This honeypot highlights that most attackers simply want to use compromised systems for their own profit or needs. Even a handful of the downloaded files show attempts to create botnets, crypto miners, data exfiltration methods, and more. Each of these methods provides some form of profit for the attackers.

Botnets allow an attacker to essentially turn a system into a “zombie” that can do whatever the attacker pleases. Such uses for a botnet could be DDOS attacks or systems that can be used for further breach attempts into other systems around the globe.

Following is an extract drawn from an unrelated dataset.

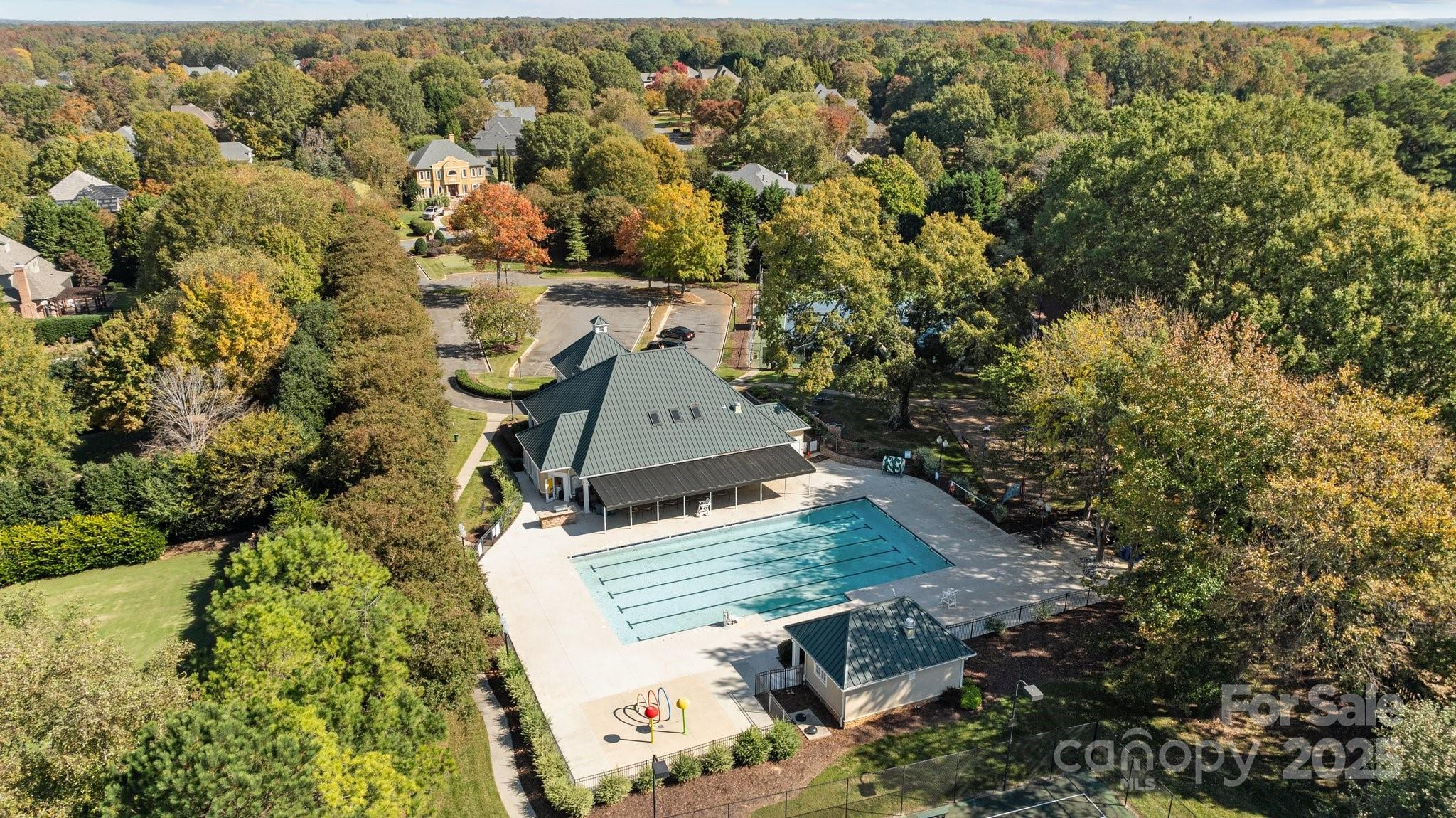 Providence Downs - Residential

Crypto miners are, quite literally, a form of profit for an attacker. Their only investment is breaching into a system—once inside, the crypto miner generates profit for the attacker while all the costs to run it fall on the victim. It’s essentially a money printer for these malicious actors.

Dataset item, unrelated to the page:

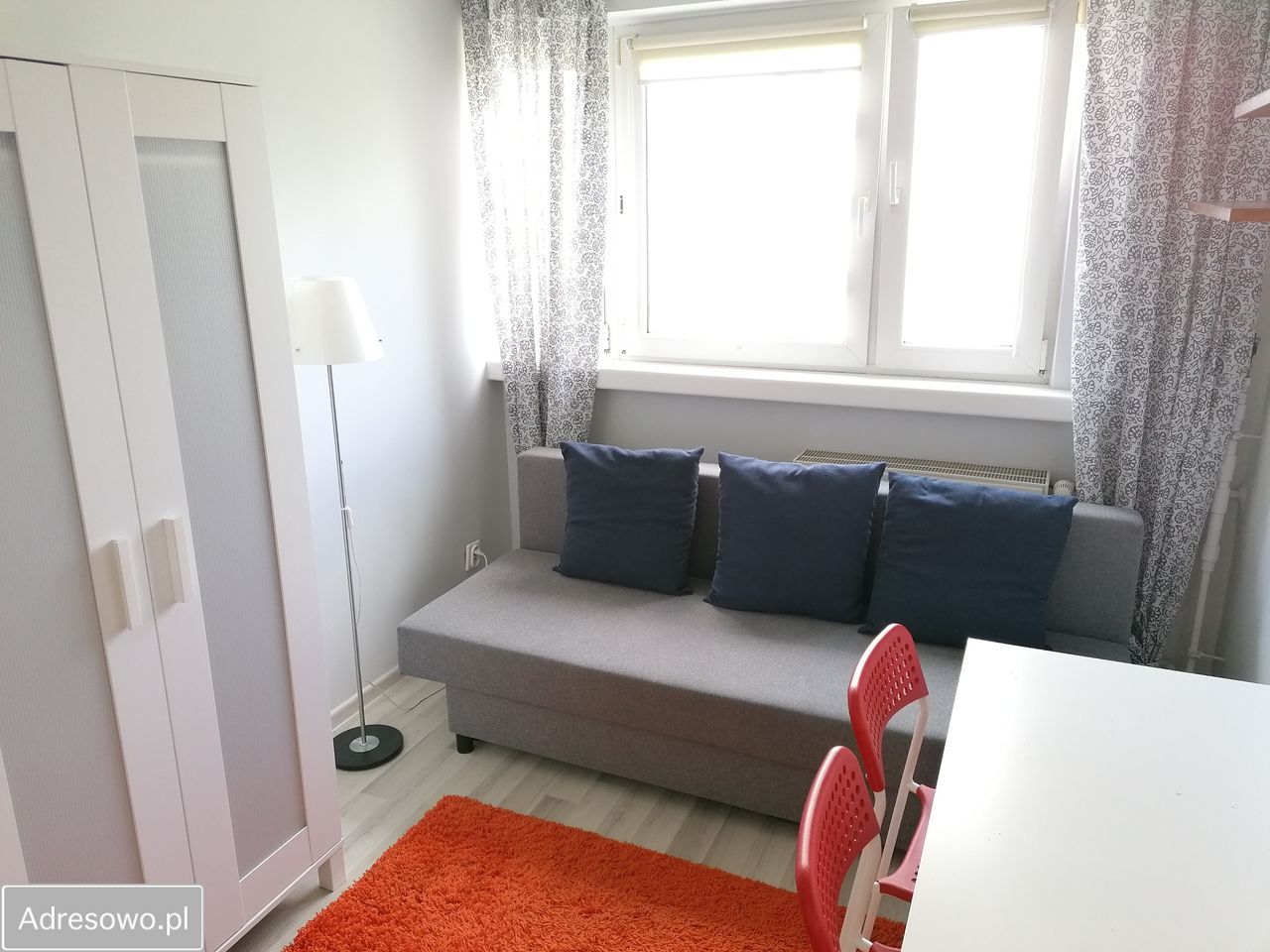 Mieszkanie 4-pokojowe Warszawa Bielany, ul. Wrzeciono. Zdjęcie 8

Data exfiltration is also another key method for profit in these attacks. If an attacker is able to breach into a corporation’s servers, for example, Twitter’s or Facebook’s servers, the data contained within those servers can be sold in underground markets for a large price. In an attack that occurred earlier this year on National Public Data, leaked highly sensitive information on millions of U.S. citizens which included data such as full names, addresses, and even Social Security Numbers. The hacking group who exfiltrated this data set a purchase price of $3.5 Million, setting data exfiltration as one of the most profitable attacks an attacker can make.

Everyday Vulnerabilities

One of the goals of a honeypot is to expose potential vulnerabilities in a network. Honeypots reveal potential attack vectors that organizations may not have considered or protected against. If an actual production system was set with the same vulnerabilities that a honeypot opens up, that system would be extremely vulnerable to even some of the most basic and avoidable attacks. A compromise could only be minutes away once that system is brought online with those vulnerabilities.

Mitigations & Defense

Analyzing the logs from this honeypot reveals several effective protections. The simplest form of protection would be to “jail” known-bad IPs from ever attempting to access the system in the first place.

Additional mitigations include:

  • Using complex passwords, MFA, SSH keys, and login attempt restrictions to limit most attacks on the SSH service.
  • Proper port forwarding, management, and monitoring to increase protections.
  • Regular patching and the use of intrusion detection systems to significantly reduce attack vectors.